Due to the many federal guidelines and regulations regarding the employment of non-U.S. citizens, job searching can be a challenge for international students selecting to work in the United States upon graduation. Employers are often unfamiliar and inexperienced with the process; therefore it is important that international students become familiar with the American job search process and current government policies.

Key Terminology

  • F-1 visas: Eligible international students have the opportunity to work full-time in the United States for 12 months after graduation.
  • H-1B visas: Employer-sponsored international employees are allowed to work in the United States for 1-6 years.

Employer Point of View

  • Many companies are unfamiliar with the process which continues to change and adjust, leaving the employer with the idea that the process is complicated and costly.
  • Due to the current economic climate, many employers worry about taking jobs away from American citizens.
  • There may also be concern that once the organization trains the employee, they may choose to return to their country of origin.
  • Additionally, employers interested in hiring international students must:
    • Sponsor an employee to receive his/her H-1B visa
    • Petition the government for the visa
    • Gain approval from the Labor Department
    • Obtain the necessary legal council
    • Fund the process

What to do?

International students should develop an understanding of the additional responsibilities imposed on employers when it comes to hiring international students as well as all the steps involved.
International students must also understand the American job search process.

Resume and Cover Letter –

In order to be successful and to ensure that your application materials receives the attention they deserve, become familiar with the typical U.S. resume format (see Resume/Cover Letters) and have your materials reviewed by the Career Development Center by making an appointment by emailing career@centralmethodist.edu.

Resume Writing Tips:

  • Be concise (one to two pages maximum)
  • Clearly identify skills and accomplishments using a bullet format
  • Do not include personal information such as marital status, race, gender and/or religion
  • Emphasize communication skills in English by ensuring materials are error free and follow American written standards

Interviewing Tips for International Students

Presenting yourself well throughout the whole interviewing process is key to obtaining a position. Mock Interviews may be scheduled by contacting the Career Development Center by emailing career@centralmethodist.edu.

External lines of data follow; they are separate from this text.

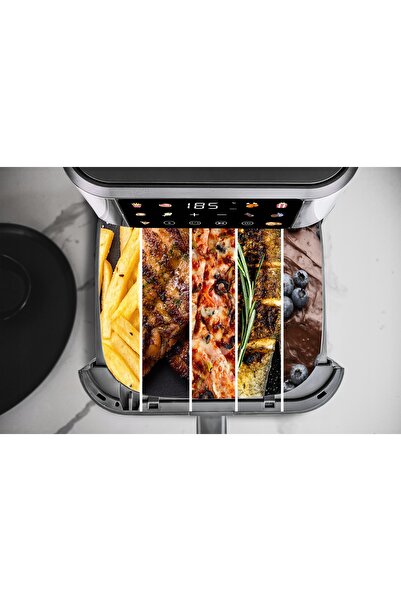NO BRAND Friteuză cu aer cald fără ulei TAIA 8L 1800W cu strat antiaderent și...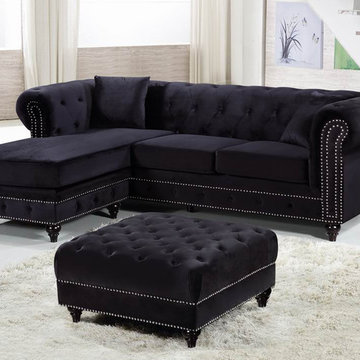 Sabrina Velvet Reversible 2pc. Sectional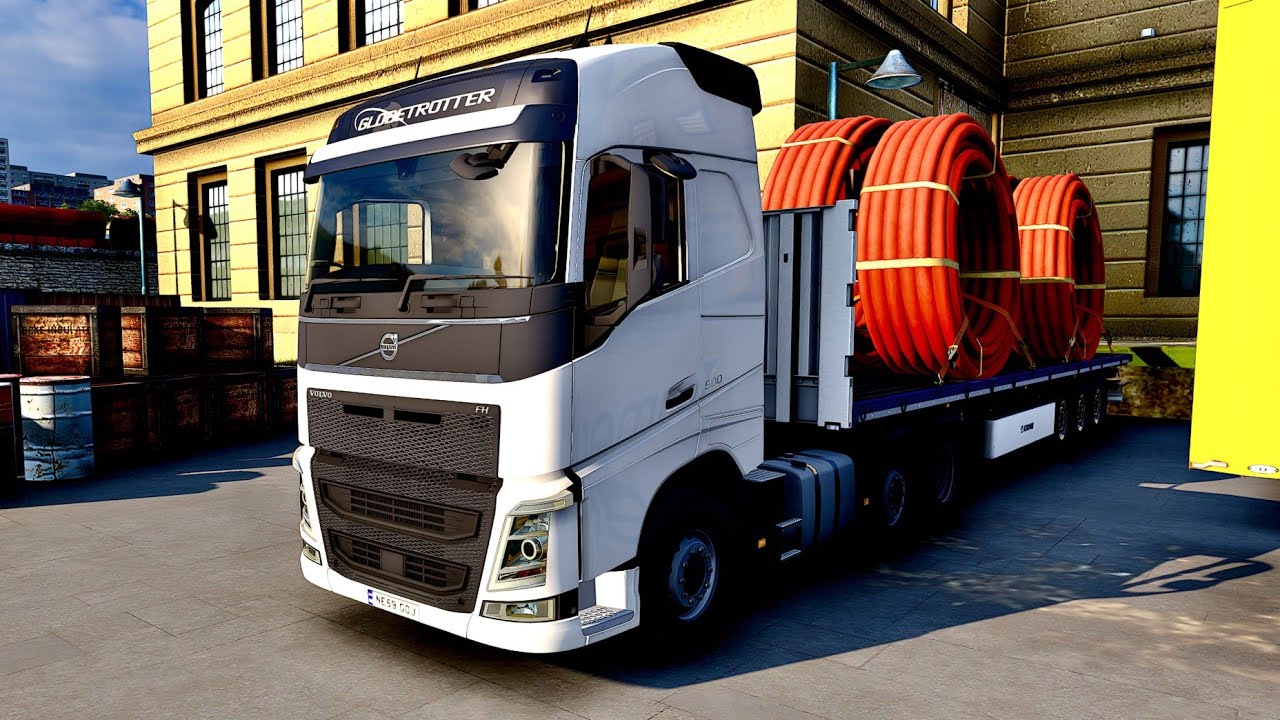 Can I Deliver These MASSIVE PLASTIC PIPES Across BRITAIN Without Damage?! | ETS2 #ets2 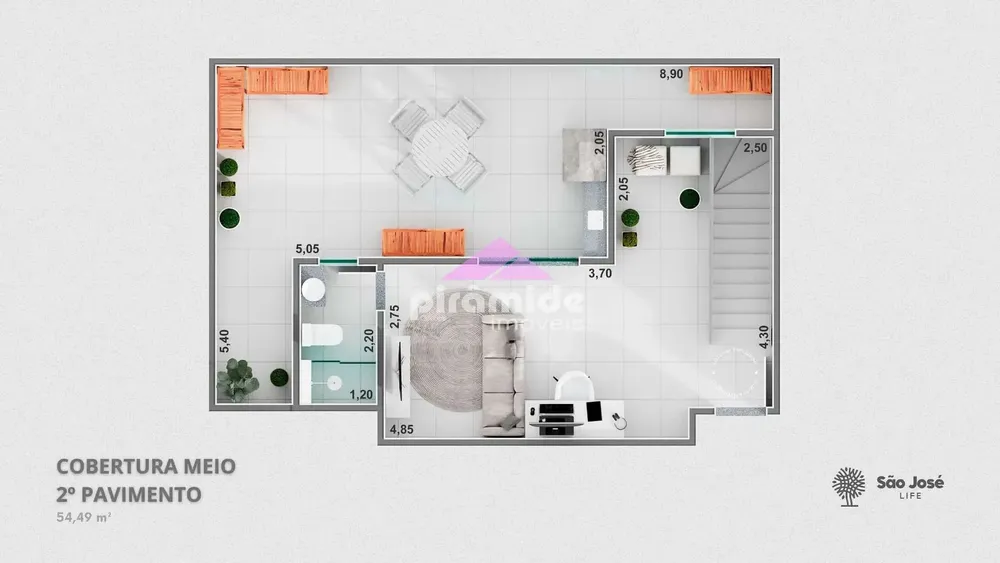 Apartamento, 2 quartos, 105 m² - Foto 8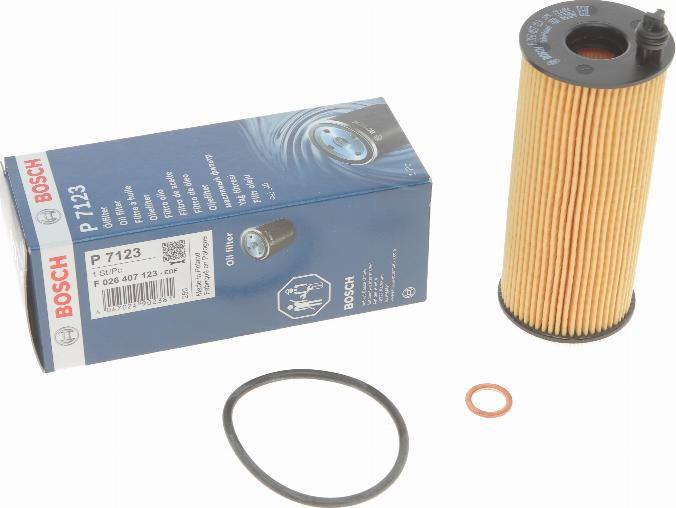 BOSCH F 026 407 123 - Oil Filter autospares.lv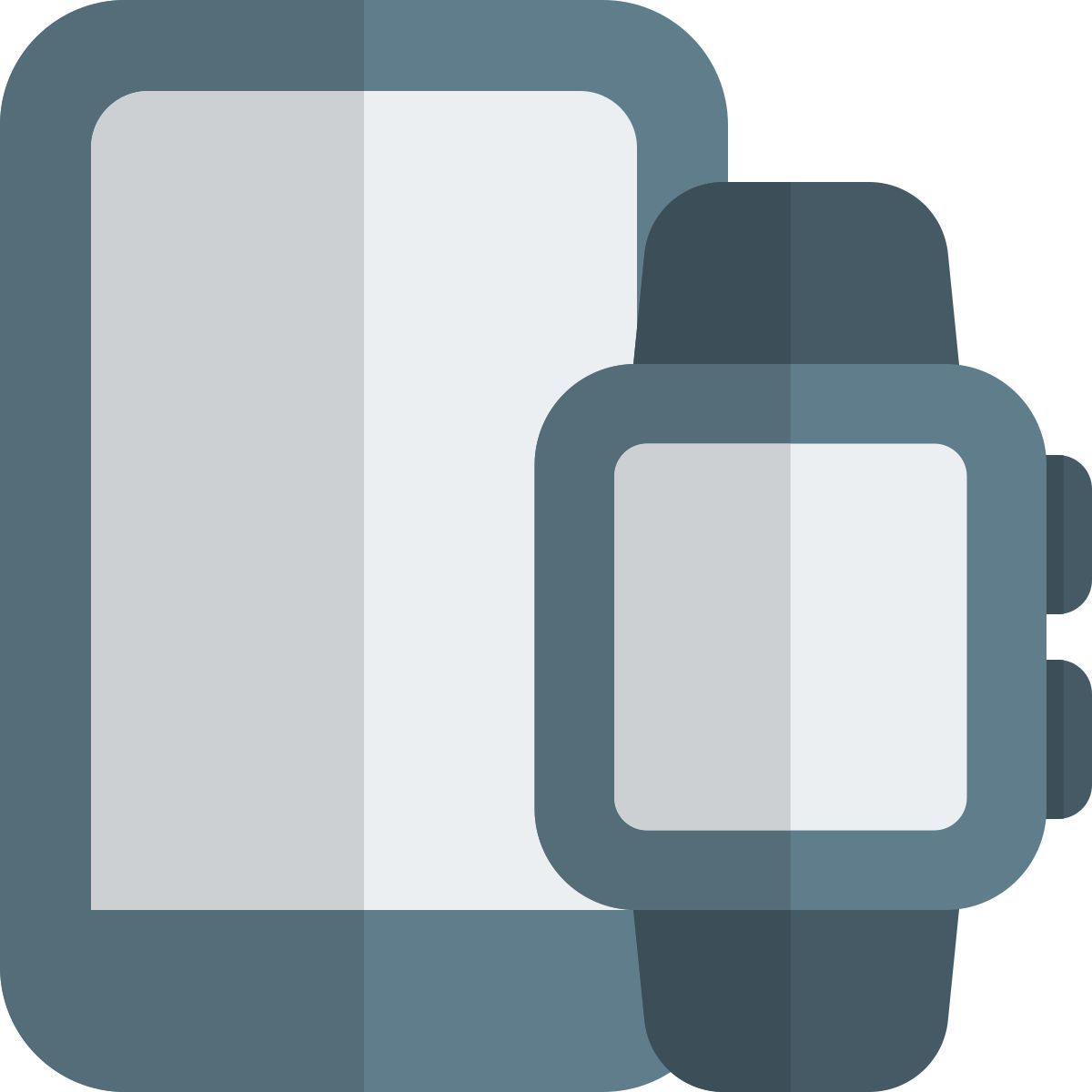 휴대폰과 스마트워치 icon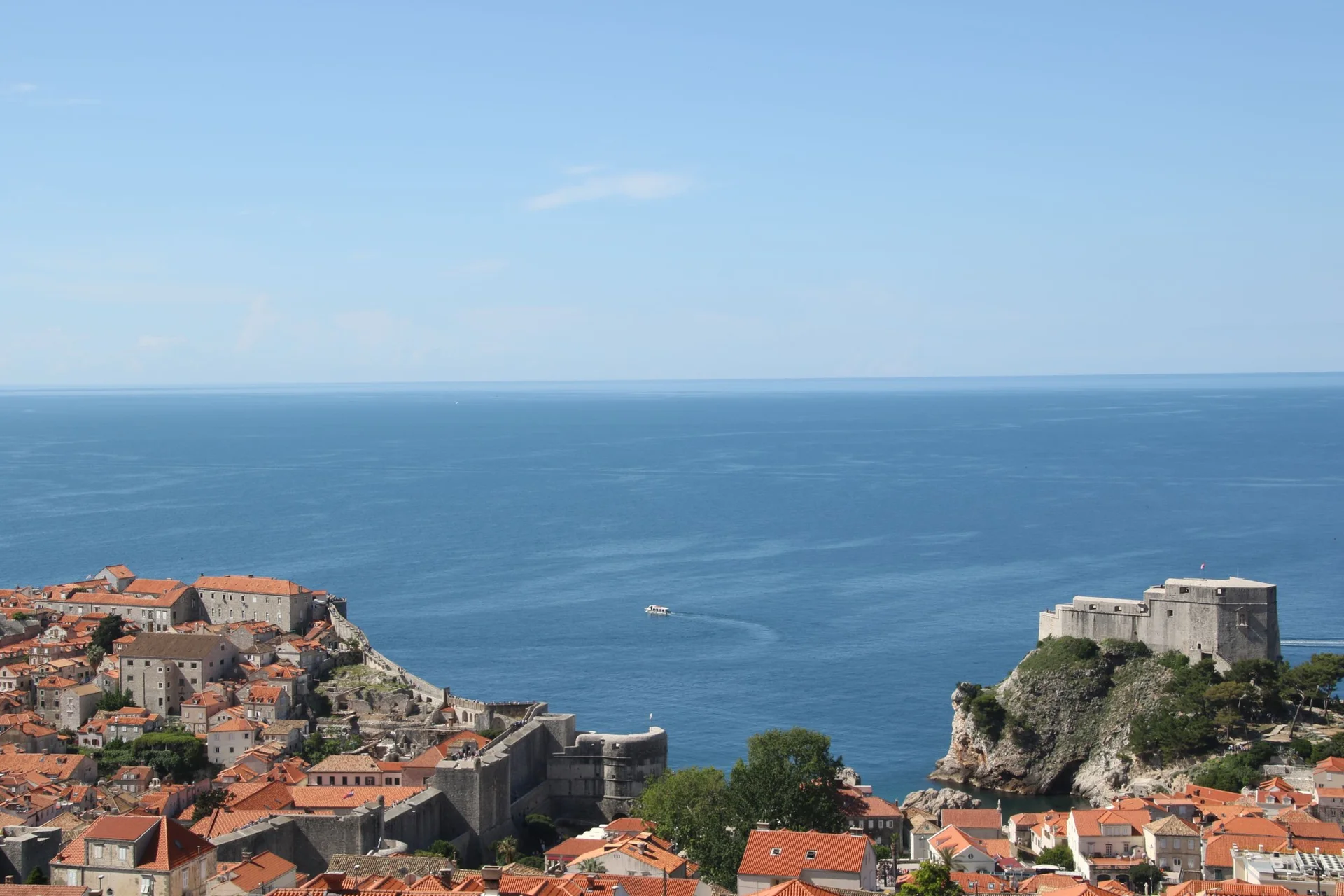 Dubrovnik coastline, the starting point for the drive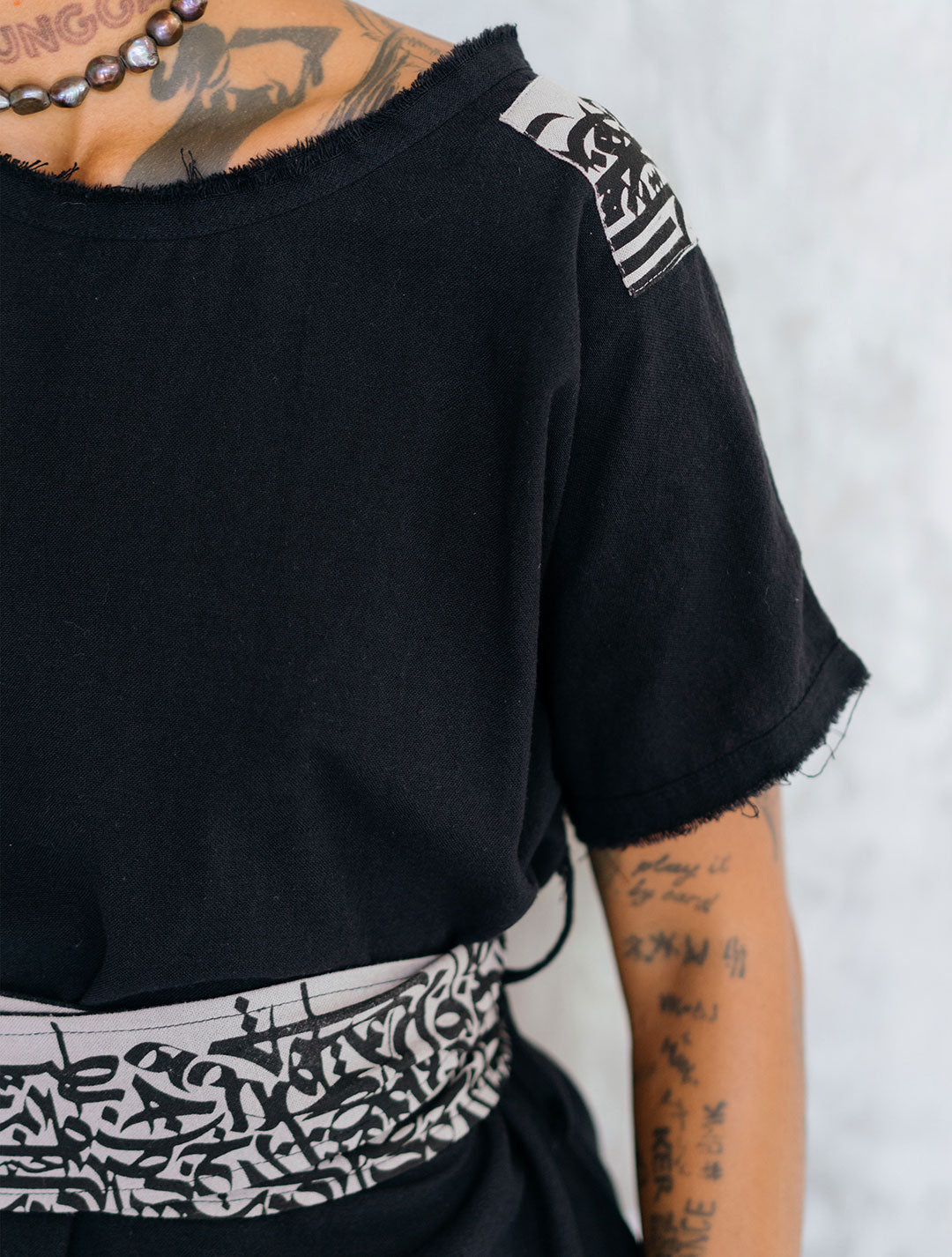 Linen-Cotton 'Nomad' Tee by Shokraneh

  • Show initiative by researching the company and asking well-developed questions.
  • Be punctual. Arrive at a minimum of 10 minutes early. Being late is not acceptable and may eliminate one from the candidate pool.
  • Articulate accomplishments, skills and competencies, and relate them to the position.
  • Make eye contact with everyone.

H-1B Visas, Employers and Interviews

  • Some employers may be reluctant to sponsor H-1B visas, so it is important to articulate what skills and competencies you would bring to the company and why you are the best person for the position.
  • The H-1B visa sponsorship should not be one of the first topics addressed during a meeting or interview.
  • The topic of H-1B visas should be addressed only:
    • after an offer is made
    • an offer is close to being made
    • the employer brings it up
    • Once H-1B visas has been mentioned, the candidate should be ready to explain and highlight the simplicity of the sponsorship process.